Thanks to a question from a Saipan Tribune reader I get to share some cool news with you. Last week I mentioned a NASA Mars mission. On the heels of that column came an e-mail asking if Mars is visible from Saipan.
Answer: Yes. It's not only easy to see, but this is a good time to see it. There's a lot going on in that area.
If you look west at 9pm, you'll see a bright, orange-colored body about 30 degrees over the horizon. That's Mars.
You may ask, “Dude, how can I estimate 30 degrees?”
Hey, no problem. Let me mention a little trick. My all-seeing gimlet eye happens to know that you've got a degree-measurer in your hand right now.
How do I know that? Because it is your hand!
Here's how it works: Make a fist like you're holding and aiming a pistol, extending your arm out, just like a target shooter. Your fist, at arm's length, is now covering 10 degrees of vertical arc.
So to set your eye 30 degrees over the horizon, you hold your fist out and walk it up from the horizon. One fist; two fist; three fist; Mars.
You can test this technique even if you're sitting in your office. Walk your fist up from the horizontal nine steps, and you should wind up looking at the ceiling directly over your head, which is the 90 degree point. Sure, your co-workers will think you're nuts, but they probably think that anyway. Just tell them Space-Commander Zepkron is beaming orders from Andromeda and you need to orient your mind-receptor to the zenith. This is great fun, and nobody will pester you again when it's time to kick in five bucks for the coffee fund.

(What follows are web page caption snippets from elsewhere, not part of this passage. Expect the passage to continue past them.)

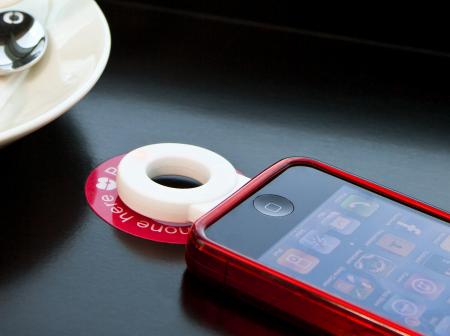 An iPhone on a table.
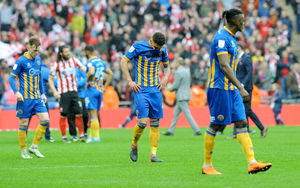 Town players trudge off at full time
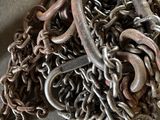 a pile of chains and hooks on the floor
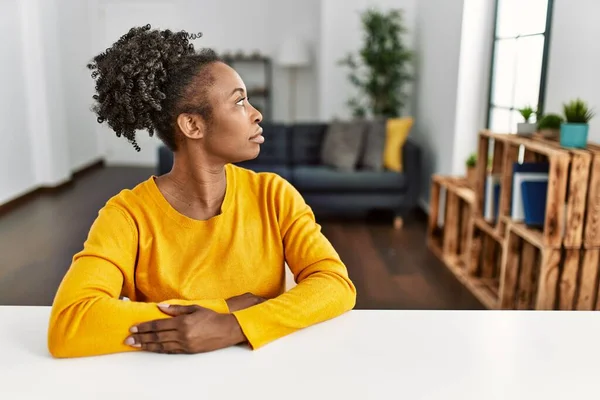 Jovem Afro Americana Vestindo Roupas Casuais Sentada Mesa Casa Olhando — Fotografia de Stock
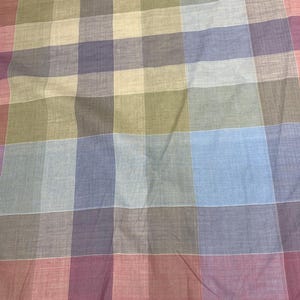 May include: A fabric with a checkered pattern in shades of red, blue, green, and beige. The fabric is woven with a subtle texture.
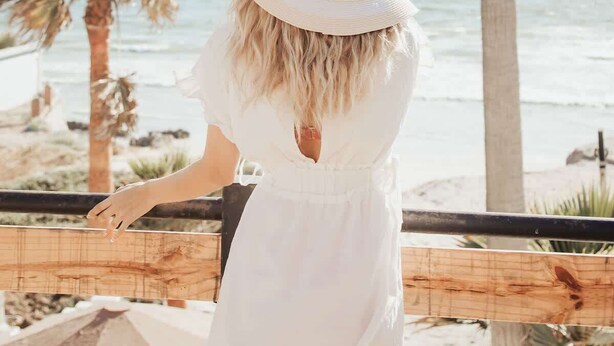 A person in a white dress and hat overlooking a beach with palm trees and the ocean. - Blvd Sunset. . . Beachfront Condos (Ensenada)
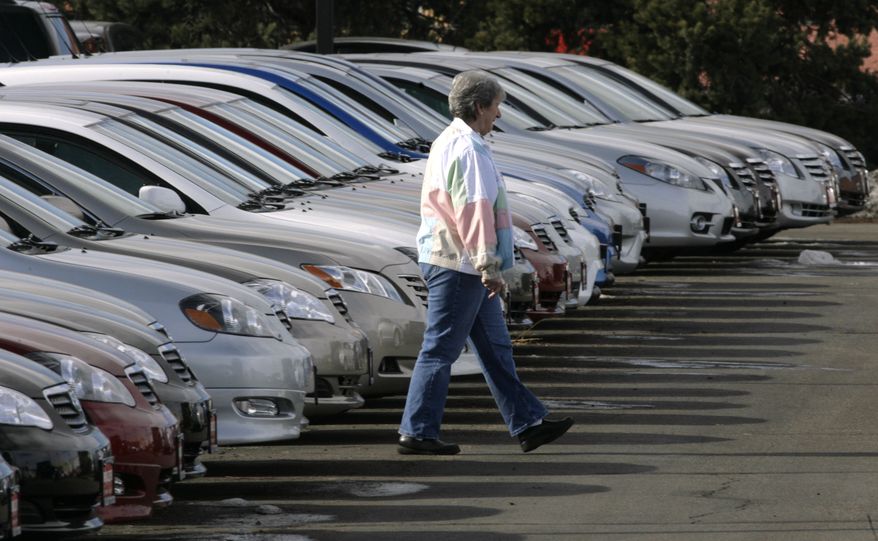 A prospective buyer searches through long lines of unsold Corolla and Camry sedans at a Toyota dealership in Boulder, Colo., in 2007. (AP Photo/David Zalubowski)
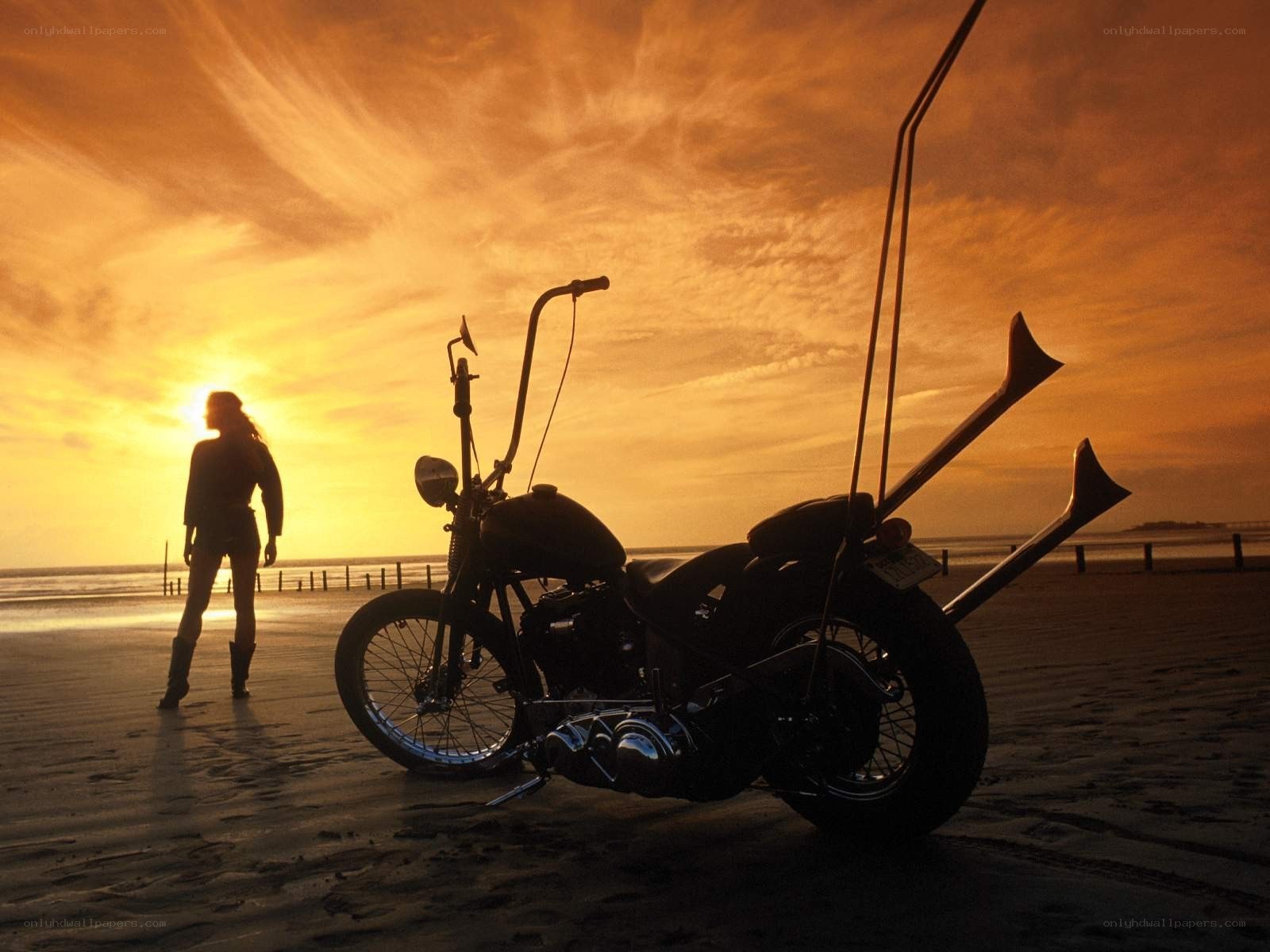 Motorcycle on beach at sunset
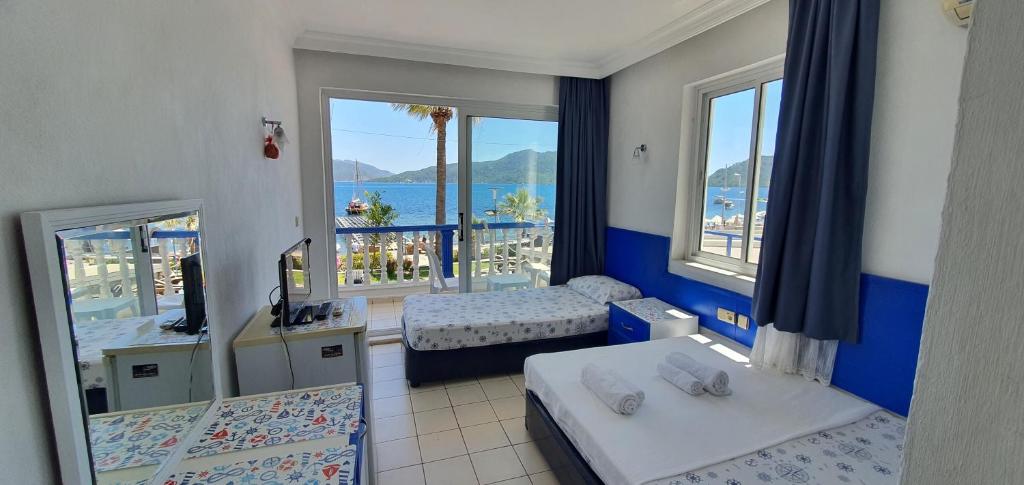a hotel room with two beds and a view of the ocean at Uysal Motel Beach in Marmaris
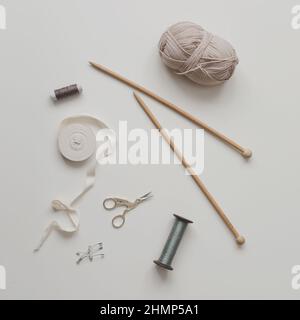 Top view of scissors, threads, knitting needles and sewing supplies on a white background. Concept of craft hobby, knitting and sewing Stock Photo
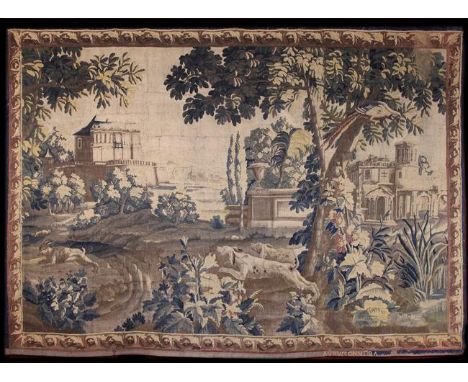 A 17th Century Aubusson Tapestry depicting hunting dogs leaping through a park landscape in pursuit of a hare, with grand bui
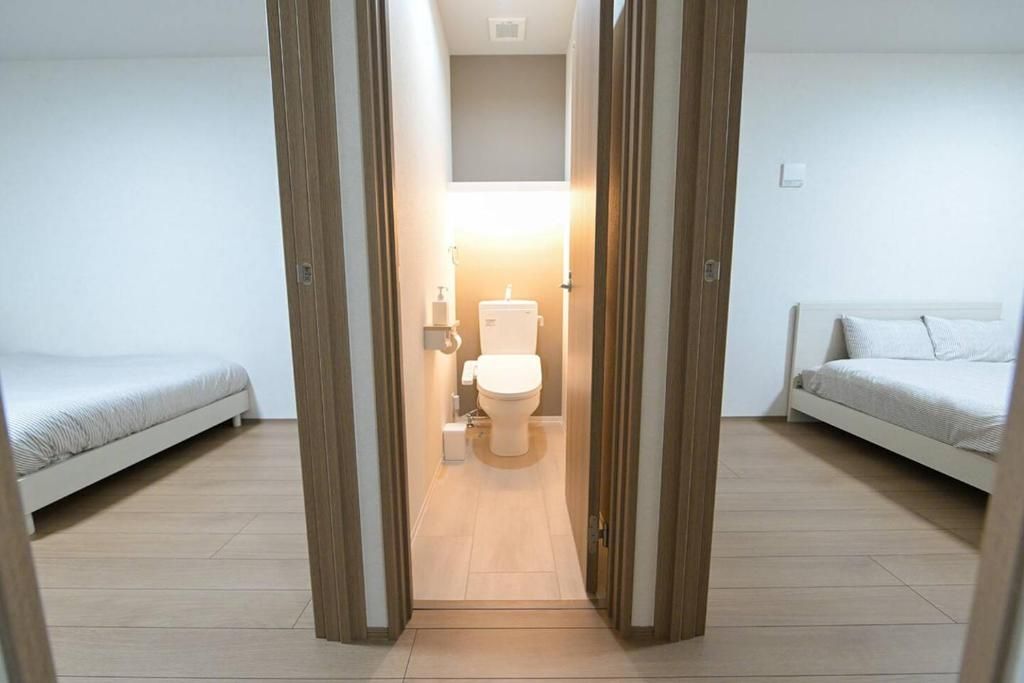 A room with a bed, a sofa, and a toilet.
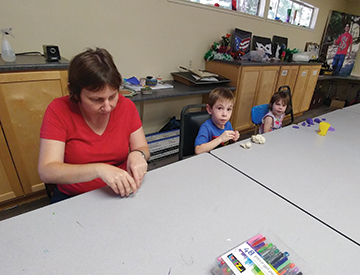 Ronit Mazzoni and her children play with Playdough.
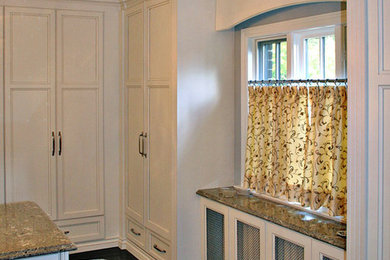 Inspiration for a large timeless gender-neutral dark wood floor dressing room remodel in Toronto with recessed-panel cabinets and white cabinets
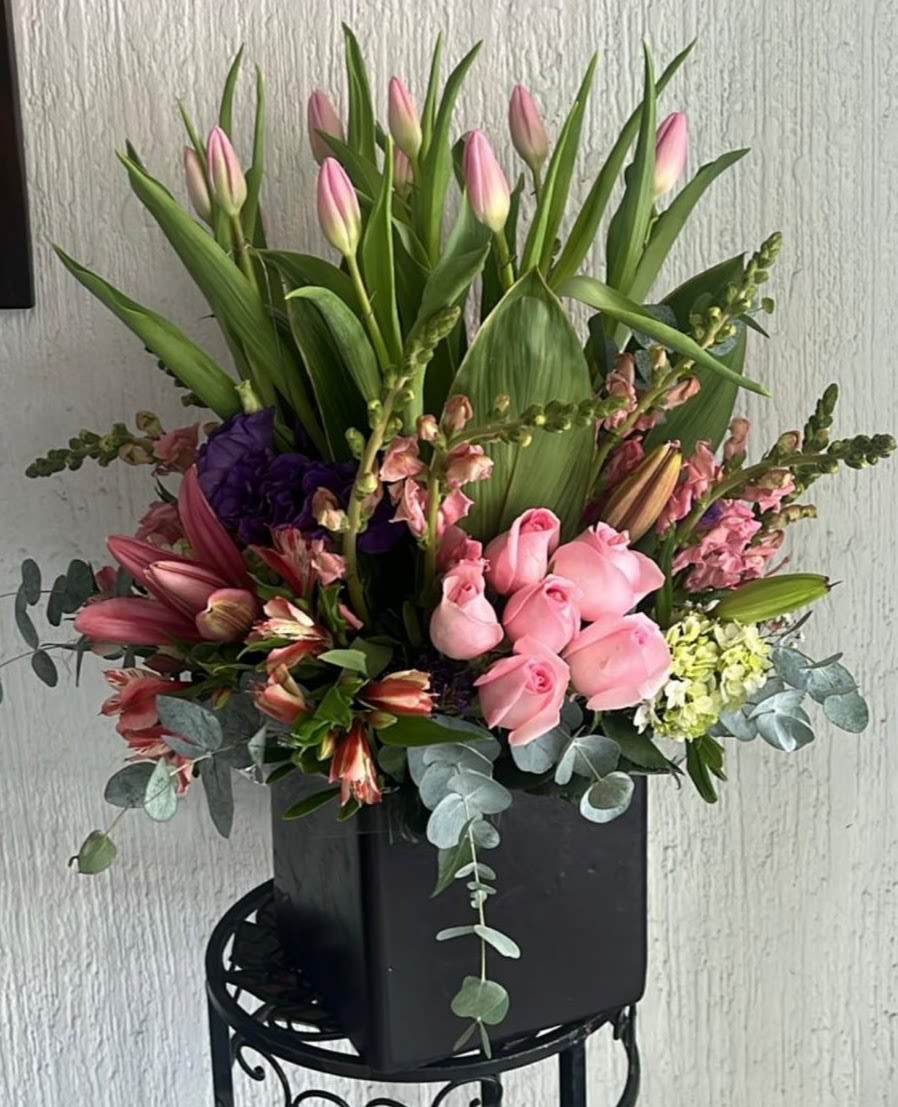 Luxury Pink Tulips, Roses &amp; Lilies Flower Arrangement - Celebrate every special moment with our Luxury Pink Tulips, Roses &amp; Lilies Flower Arrangement, an elegant garden-inspired design handcrafted by Snyder Flowers. This premium arrangement combines graceful pink tulips, blush pink roses, fragrant lilies, snapdragons, alstroemeria, fresh eucalyptus and seasonal flowers in a stylish black keepsake container.  Its romantic colors and modern design make it a perfect gift for birthdays, anniversaries, Mother's Day, congratulations, thank you gifts, new baby celebrations, housewarmings, thinking of you wishes, get well soon messages, or simply to surprise someone special.  Each arrangement is handcrafted using premium fresh flowers and is available with same-day flower delivery in San Antonio, including Stone Oak, Alamo Heights, The Dominion, Shavano Park, Castle Hills, Medical Center, Leon Valley, Helotes, Schertz, Cibolo, Live Oak, Universal City, Boerne and surrounding areas.  Trust Snyder Flowers, your local florist in San Antonio, for luxurious floral designs made with exceptional quality and attention to every detail.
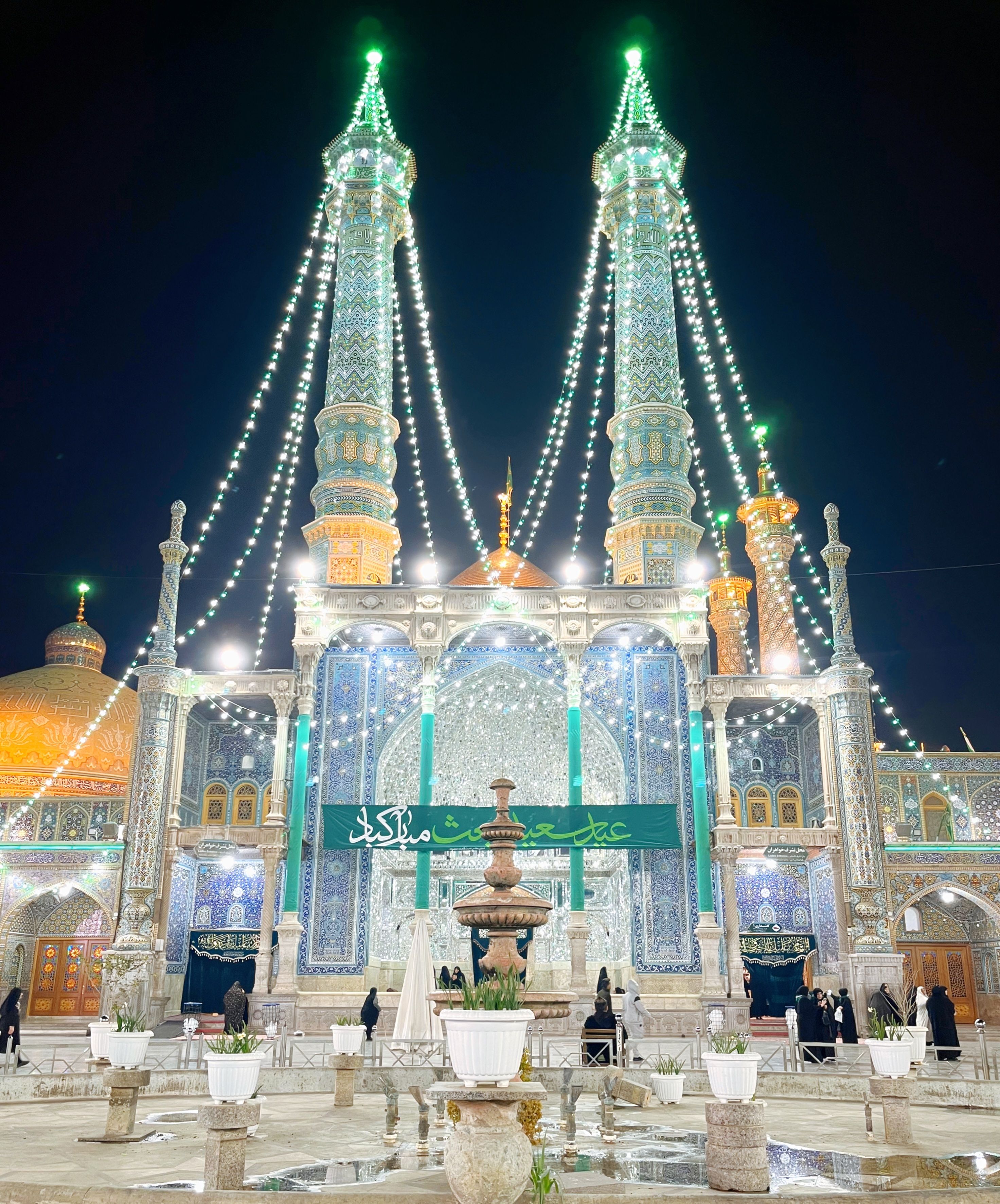 Stunning view of the shrine in Qom, Iran, beautifully illuminated against the night sky.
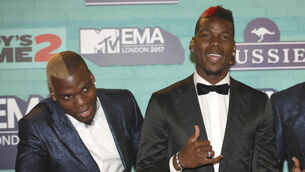Mathias Pogba, left, has been jailed for his part to extort money from his brother, Paul (Vianney Le Caer/Invision/AP)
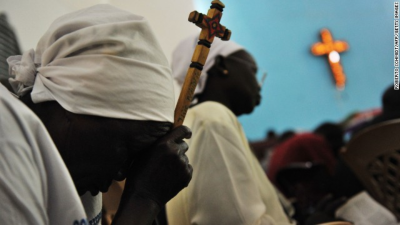 A Sudanese woman holds a cross as she prays. (PHOTO: CNN)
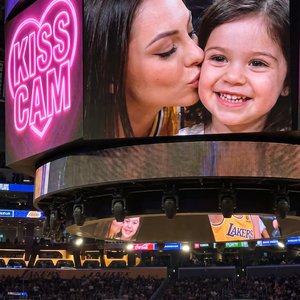 Young woman sitting at a Lakers playoff game shown on the giant arena screen during a kiss cam moment. Camera is closer to the jumbotron so her face is clearly visible and fills most of the frame. She is leaning in and affectionately kissing a cute young 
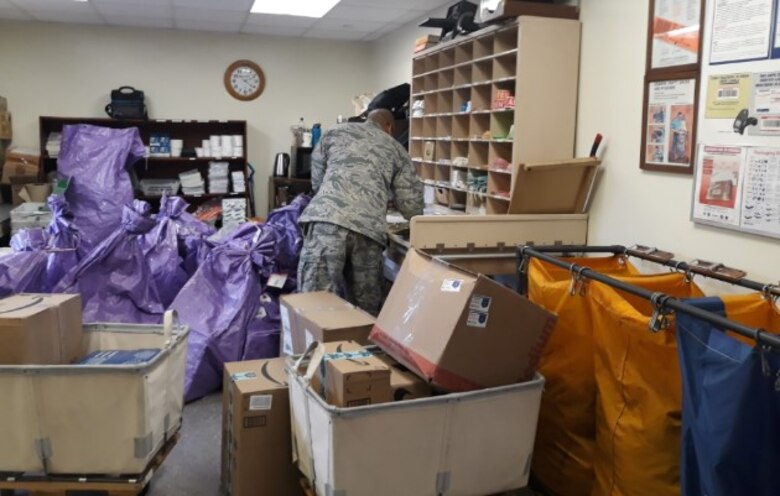 U.S. Air Force Staff Sgt. McGarrette Dela Cruz, administration management technician, sorts through incoming mail as the postmaster of the 607th Material Maintenance Squadron at Daegu Air Base, Republic of Korea, Dec. 14, 2018. Dela Cruz travels to multiple bases throughout the week in support of the 607th MMS, in a one-person deep position. (Courtesy photo by U.S. Air Force Tech. Sgt. James Frye)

Of course, you can rotate your fist so you can slice 10 degrees of arc in any direction. It doesn't have to be vertical. Like, duh.
Now that you're an expert on the topic, I'll mention that Mars is actually one fist to the left of due west at 9 pm today, not that it really matters, but times are tough so I want you to get your money's worth.
In fact, there is quite a little celestial get-together going on in the west, providing a perfect viewing opportunity for folks in Saipan, since most folks live on the west side of the island. Mars is close to Saturn right now, and Saturn is next to a bright star, Spica.
This trio takes stage after sunset. So I'm using 9 pm as the benchmark time here since Mars will go nighty-night early, setting at around 11 pm. The other two will follow like grumpy old men who can't stay awake for the fireworks.
Well, so much for Mars. Next adventure: Saturn. To get there, we're going to make a diagonal move from Mars. The diagonal will move towards the upper-left. We'll measure our movement with fists again, starting at Mars. One fist; two fist; Saturn.
Here's how to tell if you're there. Just to the left of Saturn is the star Spica. So if you're near this pair, you'll know it, since, like Mars, Spica and Saturn are both very bright.
Saturn is the famous ringed planet which has 62 moons, most of which are really small, but a couple of which are visible with a small telescope.
Speaking of which, I got my wife all jazzed on Saturn last week, since the rings are so spectacular. So she finally consented to letting me buy a bigger telescope. While I was silently gloating over that little victory the motor mounts in the SUV sheared. I don't know what made the universe, but whatever it is, it hates me. My telescope fund is wiped out. Oh well, back to the lotto again.
Now if you'll excuse me, I have an incoming message to answer... Ah, yes, Commander Zepkron, it's good to hear from you, sir. We're having a star-gazing party at twenty-one hundred hours, and you're invited. Can you make it? Great! Sure, I'll remind you: It's 17 billion fists east of the Guam-Pleiades meridian. That's right, Micro Beach, same as last time. Would you mind giving me a ride? Yeah, my SUV is in the shop again. Thank you. See you then, sir. Over and out.
Note: This column has been updated to correct an earlier error in star information.